PLANS UNVEILED FOR NEW THEATRE AND CINEMA COMPLEX
September 2017: Paisley Community Trust (PCT) wants a "cultural and creative quarter" called Baker Street Paisley to be built on the site behind Arnotts on Gauze Street. The proposals include a three to five screen cinema and a 500 seat theatre. The charity developed the initial designs with Glasgow architects Stallan-Brand and it now hopes to raise funding for the project. If the successful, the complex would be due for completion in 2021.
PAISLEY MURAL AT GILMOUR STREET STATION
Local artist Caroline Gormley and co-artist Sandy Guy have completed a mural featuring iconic people, places and historic moments from the town’s past – everything from a mill girl, a burning witch and Gerry Rafferty, William Wallace and Fulton Mackay, the Russell Institute and the Hillman Imp car. Being inside the station, a valid ticket is required to see the mural. Click the above picture for a larger image.
ROYAL MOD BID 2021
Following its successful hosting of the Royal National Mòd in 2013, Paisley had lodged a bid to host the celebration of Gaelic culture in 2021. Royal National Mòd is Scotland’s premier festival celebrating Gaelic language and Gaelic music, dance, drama, arts and literature.
PRIDE OF PAISLEY
July 2016: During the summer of 2016, Paisley witnessed its first ever free, family friendly public art trail, Pride of Paisley, took to the streets. 25 creatively designed lion sculptures showcased Paisleys heritage trail infusing pride, colour, art and creativity into Paisley town centre. Click HERE for a video featuring the lions.
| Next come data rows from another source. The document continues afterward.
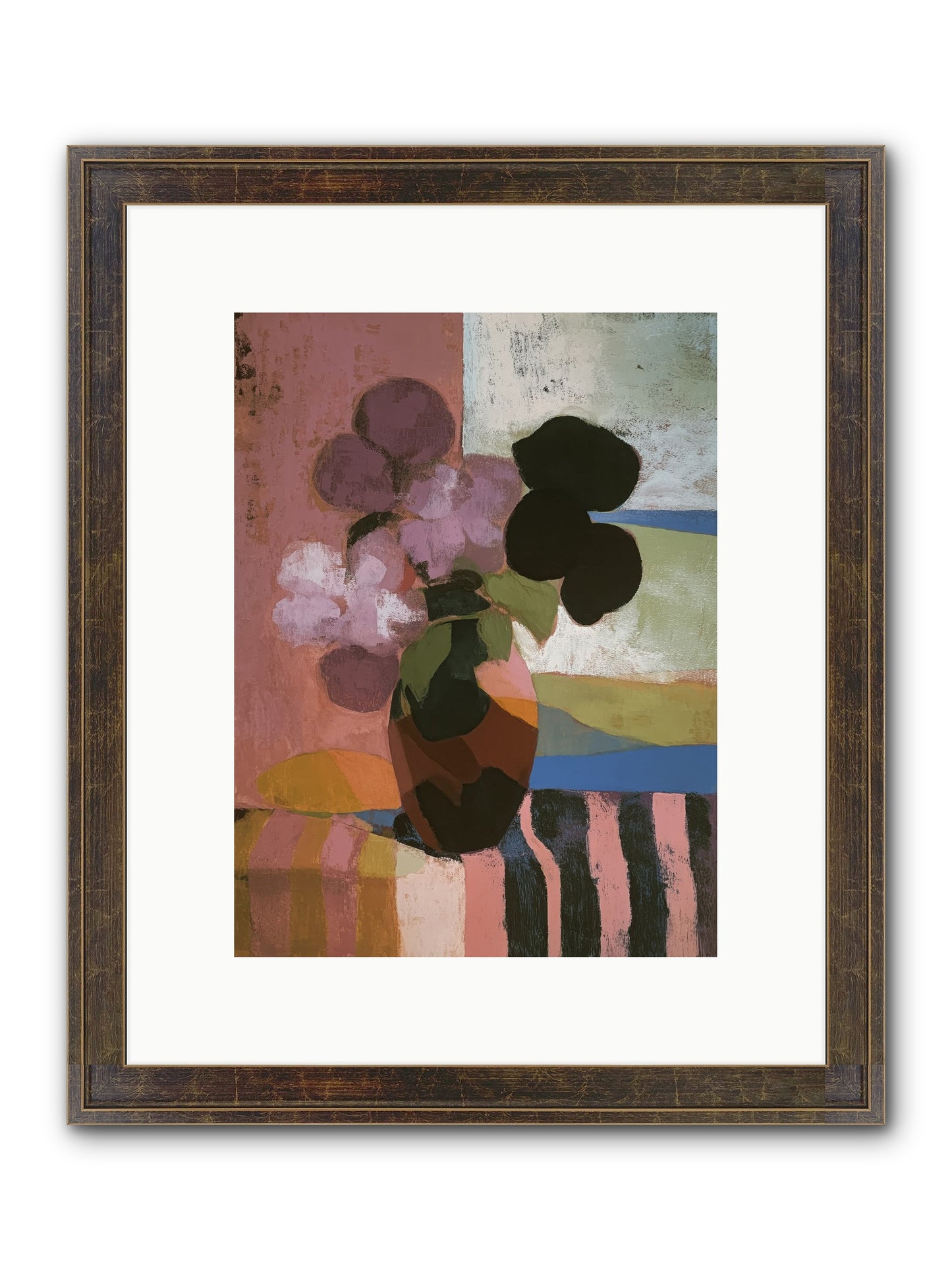 Netherfield Framed Print - Slimwoods Black/Gold 9x12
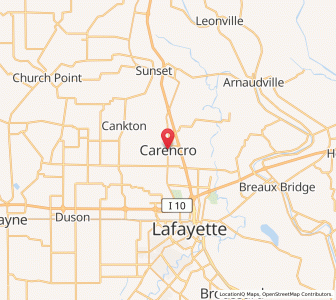 Map of Carencro, Louisiana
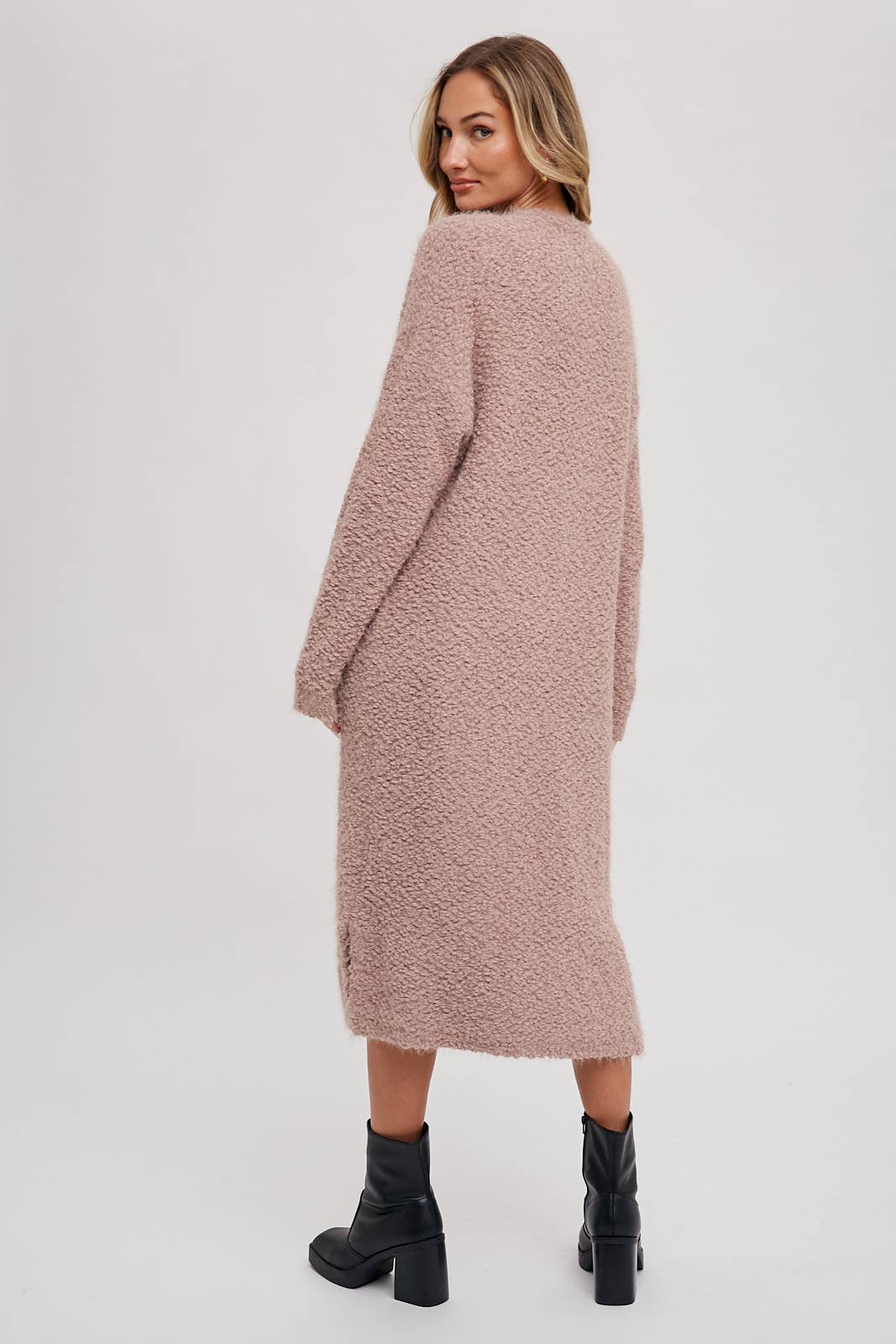 Boucle Long Line Cardigan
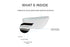 White Acrylic Bathtub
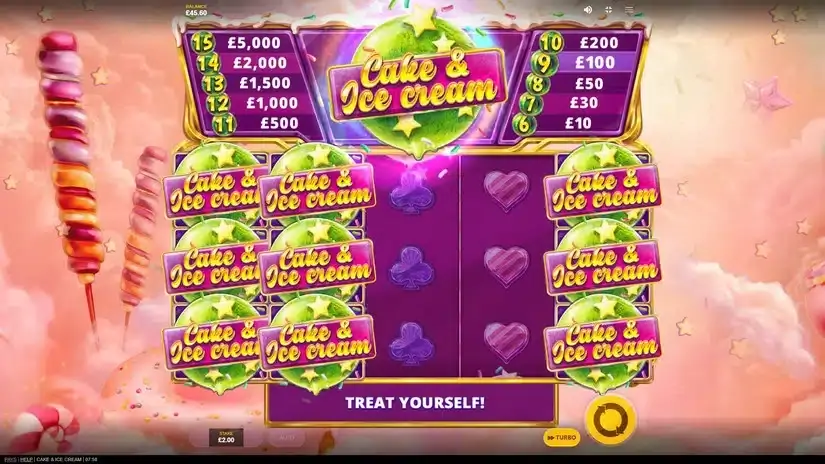 Cake & Ice Cream slot screenshot 4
METHODIST CENTRAL HALL: Paisley's historic Methodist Central Hall will receive a GBP250,000 make-over, thanks to the Heritage Lottery Fund. This will allow urgent repairs to be carried out on the building which opened in 1908. It has an auditorium on two levels, and can seat 750 people. There are other rooms within the building that are in use for various other church purposes. The new funding is part of a block of cash given to distinguished church buildings throughout Scotland.
GBP40,000 funding towards a Paisley shawl collection digitising project: The project will see the photography and digitisation of approximately 1,200 Paisley pattern shawls and 1,700 pages of pattern books to create a digital version of the collection, which visitors can explore via iPads. Digitisation of the shawl collection, deemed to be of national significance to Scotland, began in 2016.
Improved access at Paisley Museum: A GBP40,000 programme of access improvements has now been completed at Paisley Museum and Art Galleries, a Grade A listed building opened in 1871. The building is now fully accessible to wheelchair users or those who have restricted mobility. Councillor James Harte said “We recognise the contribution that our heritage can make to our future and we are proud to have improved access for all to such an important part of that heritage.”
GRAND FOUNTAIN AT FOUNTAIN GARDENS: The Category A listed Grand Fountain has been fully restored and is now in full working order. The Fountain, which was bequeathed to the townspeople by the Coats Family in 1868, is one of the world’s finest examples of cast iron sculpture. Its unique design is a Victorian extravaganza that includes walruses, cherubs, dolphins, herons and crocodiles and which measures 8.5 metres in height, has the same circumference and weighs 42 tonnes. The water runs until sunset.